SpeechKit is a multi-platform library for adding speech functionality to your mobile apps with minimal effort.

The ultimate goal of SpeechKit is to provide users with virtually the entire range of speech functionality available to Yandex.

In this release, Yandex SpeechKit offers server-side speech recognition functionality for short voice queries (only Russian and Turkish are supported).

Download the distribution

Components

In order to simplify integration while keeping detailed control over the functionality, Yandex.SpeechKit offers two versions of the API. The first is a simplified API (YSKSpeechRecognitionViewController) with a default GUI. The second is an advanced API (<YSKRecognizer and YSKInitializer) with extended management of the library functionality.

The simplified API consists of just one class:

The advanced API provides the following main classes:

  • YSKRecognizer — An interface for accessing the speech recognition function.

  • YSKInitializer — An interface for controlling the initialization process.

Regardless of which API you choose, SpeechKit must be configured using:

  • YSKSpeechKit — An interface for configuring the library and controlling overall operation.

SpeechKit

YSKSpeechKit is a tool for configuring and managing SpeechKit.

Before using any of the SpeechKit functionality, you must configure SpeechKit using configureWithAPIKey: with your API key.
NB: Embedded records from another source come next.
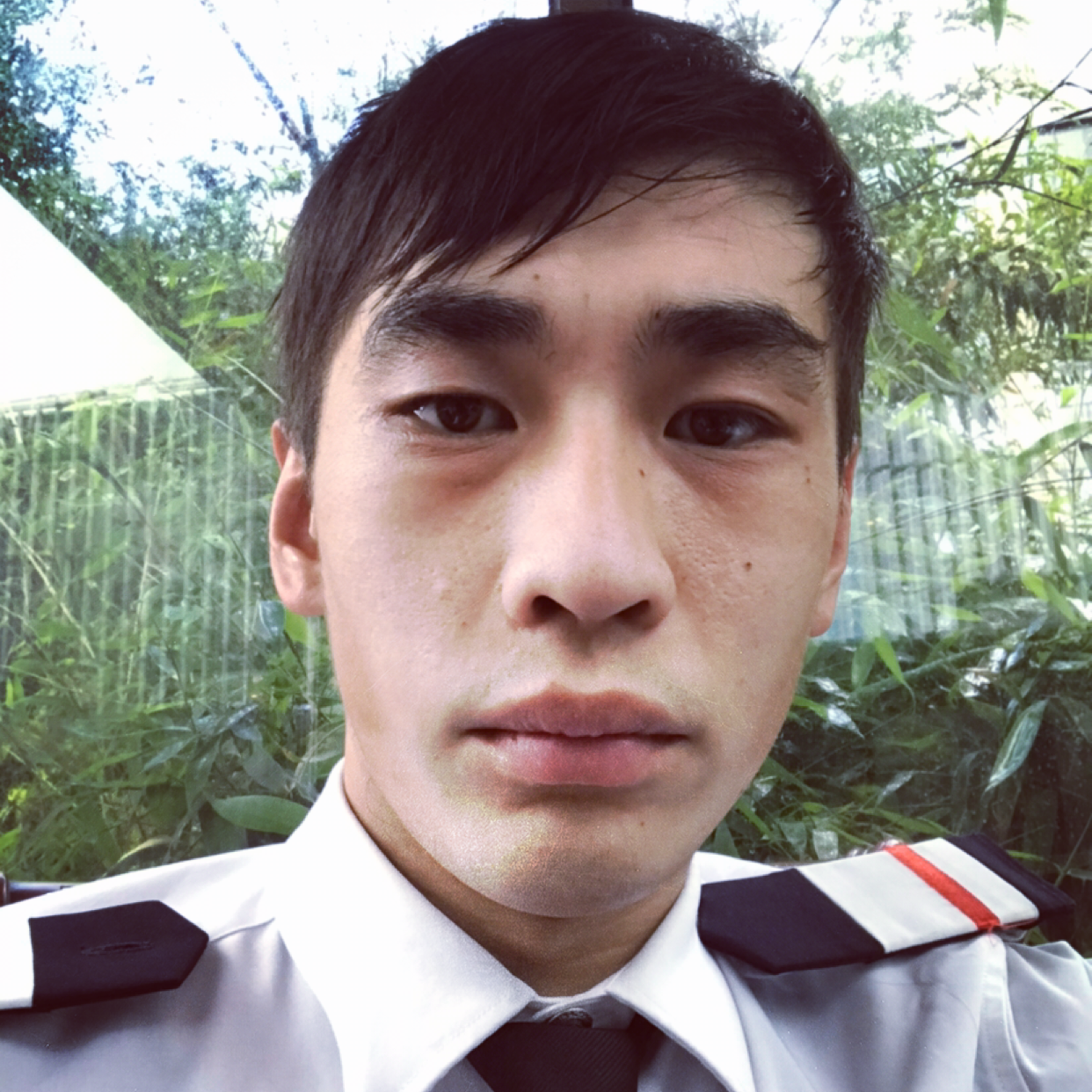 糊涂向大山的照片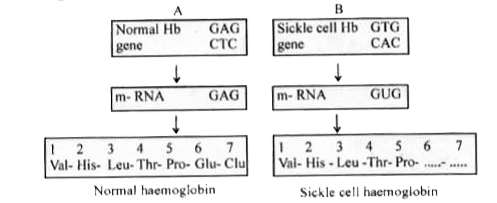 The flowcharts A and B given below represent the inheritance of normal haemoglobin and sickle cell haemoglobin.        a. Observe the flowchart A and complete the flowchart B.     b. Note down the genotype of a sickle cell anaemia patient and mention the symptom of the disease.     c. Mention the peculiarity of Hb^(A) Hb^S  phenotype.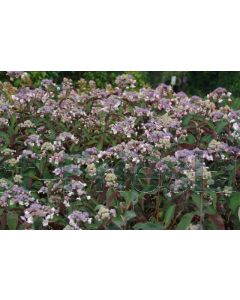 Hydrangea asp. 'Hot Chocolat' C3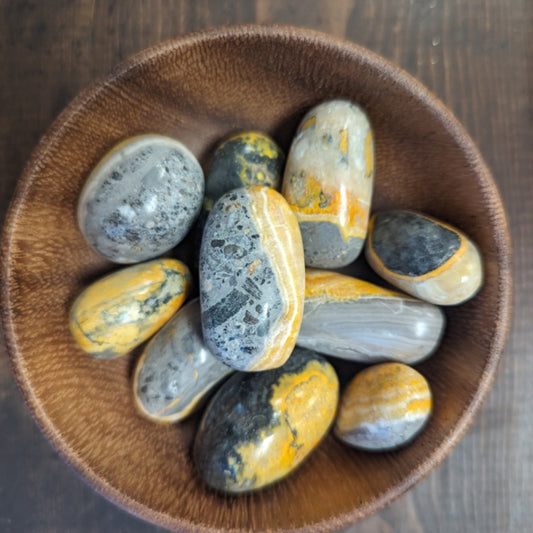 Bumblebee Jasper Tumbles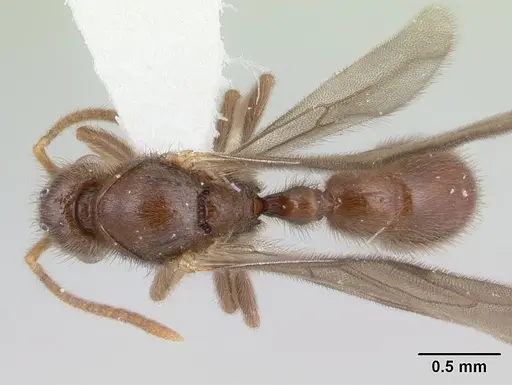 Proceratium micrommatum specimen CASENT0178753 image casent0178753_1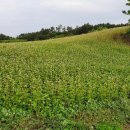 서귀포지방법원 이미지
YSKSpeechRecognitionViewController

This class is an iOS view controller and was developed in order to simplify integration of speech recognition in applications. YSKSpeechRecognitionViewController returns the string uttered by the user and resolves any problems that occur along the way. YSKSpeechRecognitionViewController manages the entire recognition process, including the user interface for speech recognition, management of the YSKRecognizer and YSKInitializer objects, and so on.

YSKRecognizer

YSKRecognizer is the central component of speech recognition in SpeechKit. YSKRecognizer is intended for single sessions of speech recognition. It manages the entire recognition process, including recording audio, detecting speech activity, communicating with the server, and so on. YSKRecognizer uses the YSKRecognizerDelegate interface for notification of important events in the recognition process, returning recognition results, and notification of errors.

The recognition result is represented by the YSKRecognition class, which is the “N-best list” of recognition hypotheses, sorted by confidence in descending order. A recognition hypothesis, in turn, is represented by the YSKRecognitionHypothesis class.

Errors that occur during the recognition process are described using the standard NSError mechanism.

YSKInitializer

Initialization is the internal process that SpeechKit uses for initializing internal mechanisms. Initialization may require executing lengthy read operations from permanent memory or network access, and generally takes a significant amount of time. This is why the YSKInitializer class has been introduced for performing initialization when it is convenient for the user.

In the current implementation, YSKInitializer sends a request to the server (the “startup request”) and gets a response with a set of parameters and configurations (for example, the confidence thresholds), which are then used during speech recognition.

Note. Users do not have to perform initialization explicitly. If it has not yet been done, SpeechKit initializes itself automatically when the first request for speech recognition is received. So YSKInitializer is used mainly in order to speed up the execution of the first request.

YSKInitializer uses the YSKRecognizerDelegate interface to notify you when it starts and finishes (with or without errors).

Errors that occur during the recognition process are described using the standard NSError mechanism.